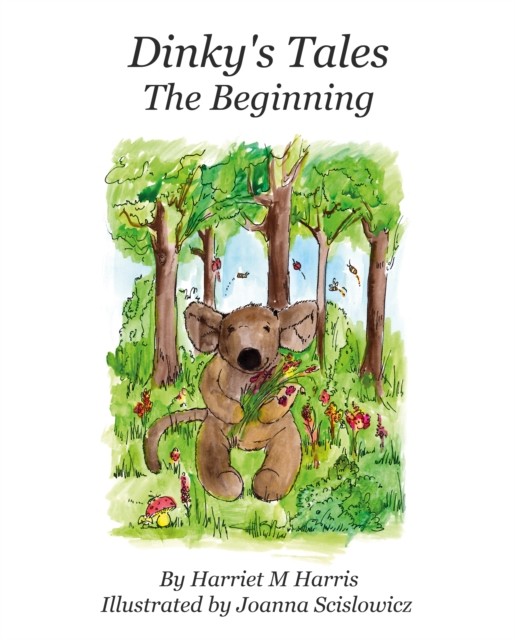 Dinky's Tales: The Beginning by Harriet M Harris NEW - Image 4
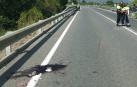 Mueren dos ciclistas arrollados por un coche en Tarragona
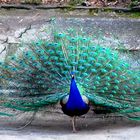 Pfau im Frühling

◆ Your goal
Exact reproduction is required. Output only the lines from the one with "Mueren dos ciclistas" through the end of the listing above, both ends included, and no pictures.

◆ Written solution
 Mueren dos ciclistas arrollados por un coche en Tarragona
 Pfau im Frühling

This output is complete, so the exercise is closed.